Ezra Miller Perks Up

19-year-old Ezra Miller will star in the upcoming The Perks of Being a Wallflower.

Photo by Lauren Charlea Nolting.

Ezra Miller is not exactly Jack Nicholson or Robert DeNiro, but getting him to agree to an interview feels like an achievement just the same.

That’s not because Miller, 19, is off-the-charts busy. He is not yet consumed by the inevitable promo blitz for the movie The Perks of Being a Wallflower, to be released this fall, in which he plays a corrupting influence on a tortured high school freshman. (The film also stars Paul Rudd and Emma Watson.) And his last two films, We Need to Talk About Kevin and Another Happy Day, both 2011 releases, are well behind him.  

But Miller, who lived in Wyckoff until moving to Hoboken at 14 with his parents, has his reasons for being a reluctant subject.
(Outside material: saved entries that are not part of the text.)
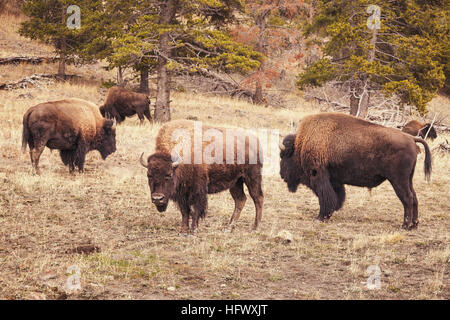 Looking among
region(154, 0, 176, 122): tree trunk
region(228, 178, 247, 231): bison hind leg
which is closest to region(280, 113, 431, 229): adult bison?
region(228, 178, 247, 231): bison hind leg

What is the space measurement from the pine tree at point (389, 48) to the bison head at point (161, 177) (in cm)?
1340

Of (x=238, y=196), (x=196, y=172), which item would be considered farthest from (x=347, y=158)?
(x=196, y=172)

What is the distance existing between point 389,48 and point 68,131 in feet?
49.2

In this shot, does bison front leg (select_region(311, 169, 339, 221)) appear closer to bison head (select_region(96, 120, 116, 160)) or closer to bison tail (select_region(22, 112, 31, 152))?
bison head (select_region(96, 120, 116, 160))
Foremost among them is the way the media has portrayed him so far.

“This article made me dislike Ezra Miller,” reads a comment posted about a New York Observer profile published in December (headline: “The Most Misunderstood Kid in Showbiz?”). And in January, a New York magazine article titled “We Need to Talk About Ezra” described Miller as having “a habit of spewing half-baked musings.” The article rendered the following judgment: “He can’t have been easy to raise.”
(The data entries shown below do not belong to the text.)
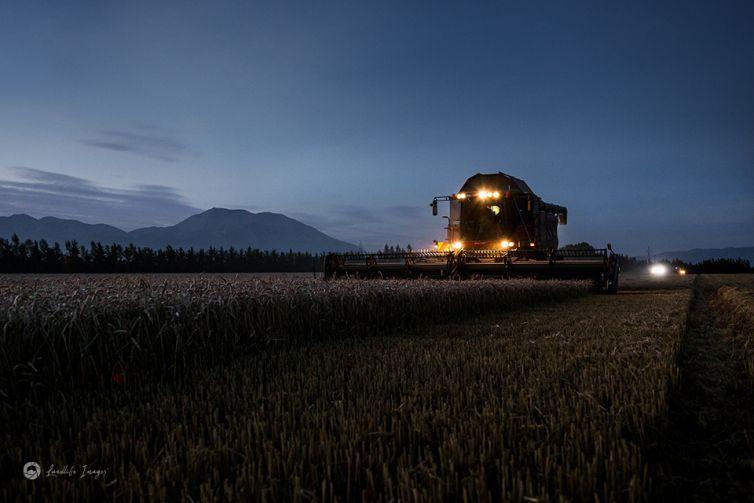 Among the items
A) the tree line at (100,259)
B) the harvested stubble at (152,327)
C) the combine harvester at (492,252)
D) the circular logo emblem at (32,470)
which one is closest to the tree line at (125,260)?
the tree line at (100,259)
But Miller, who now lives in Manhattan’s Chelsea section (his parents still reside in Hoboken), can also come across as a regular kid from New Jersey.
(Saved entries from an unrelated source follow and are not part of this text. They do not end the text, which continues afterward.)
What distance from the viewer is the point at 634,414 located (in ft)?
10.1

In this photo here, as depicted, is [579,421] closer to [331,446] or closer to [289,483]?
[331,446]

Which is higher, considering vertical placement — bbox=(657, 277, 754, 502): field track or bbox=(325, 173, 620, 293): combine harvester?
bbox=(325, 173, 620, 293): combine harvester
“All of my early experiences playing make-believe in my backyard in Wyckoff and playing drums in my basement and in my friends’ basements—that’s where my artistry comes from,” he says during a phone interview.

Further inspiration can be traced to his kindergarten classroom at the Village School, now in Waldwick, where his teacher, “who maybe had a more profound effect on my life than anyone,” accepted him into the choir. That spawned his love of opera. At six, he landed a role in the U.S. premiere of the Philip Glass opera White Raven at Lincoln Center. Later, he joined the Metropolitan Opera Children’s Chorus. By the time he was 14, Hollywood came calling; his first role was as a boarding-school outcast in Afterschool.

Not all of Hoboken was thrilled for him, especially at the Hudson School, where he was a freshman. “A lot of resentment started coming my way because I was absent so much,” he says.

Miller quit school at 16. One day, he may finish. “I think I have only three credits to fulfill,” he says. For now, he contends that his home state provides a top-notch education, even to those who don’t get diplomas.

“There’s a lot of really wonderful learning happening outside of schools all over New Jersey,” he says. “It’s in the garages and basements and back alleys. It’s art.”